Nos dijeron que si estudiábamos, trabajábamos sin descanso y “hacíamos las cosas bien”, el esfuerzo se traduciría en estabilidad, bienestar y tranquilidad. Sin embargo, para millones de personas hoy esa promesa no se cumplió. Trabajamos más horas que nunca, con empleos inestables, mal remunerados o simplemente inexistentes, mientras el costo de vida aumenta y las imágenes de éxito que circulan en redes sociales parecen cada vez más inalcanzables.
Esta distancia entre lo que se espera de nosotros y lo que realmente podemos lograr genera frustración, cansancio emocional y una sensación persistente de fracaso personal. La sociedad nos impone metas rígidas —tener casa, carro, familia, viajes, consumo constante— sin considerar las realidades económicas, sociales y ambientales actuales. Cuando no alcanzamos esos estándares, el mensaje implícito es que “no fue suficiente nuestro esfuerzo”, invisibilizando que el problema no es individual, sino estructural.

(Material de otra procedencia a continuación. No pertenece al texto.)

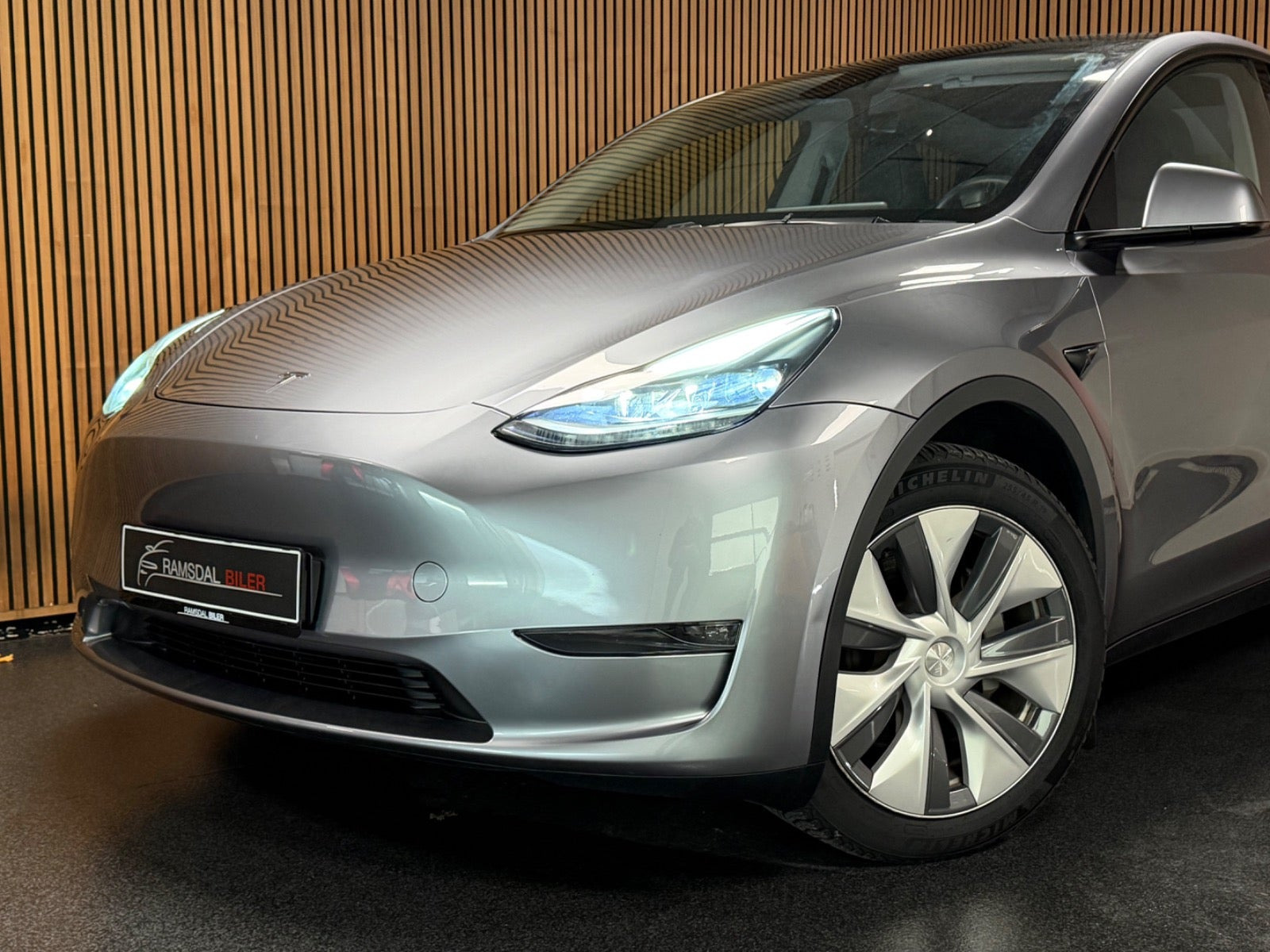 Grå Tesla Model Y fra 2023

Hablar de este malestar es necesario. Nombrarlo es el primer paso para dejar de culparnos y empezar a cuestionar un modelo que exige productividad constante, pero ofrece cada vez menos seguridad y sentido. No se trata de rendirse, sino de replantear qué significa vivir bien, qué necesidades son reales y cuáles nos fueron impuestas. Por eso, este espacio propone un proceso colectivo de reflexión y acompañamiento a través de videos cortos en YouTube, publicados cada dos semanas. En ellos abordaremos, de manera sencilla y cercana, temas como el trabajo, el dinero, el agotamiento, la comparación social y la búsqueda de bienestar en un contexto de incertidumbre. No son recetas mágicas, sino conversaciones honestas que invitan a pausar, cuestionar y abrir nuevas formas de entender el éxito, la felicidad y la vida en común.
Porque tal vez no estamos fallando nosotros. Tal vez es momento de imaginar otras formas de vivir.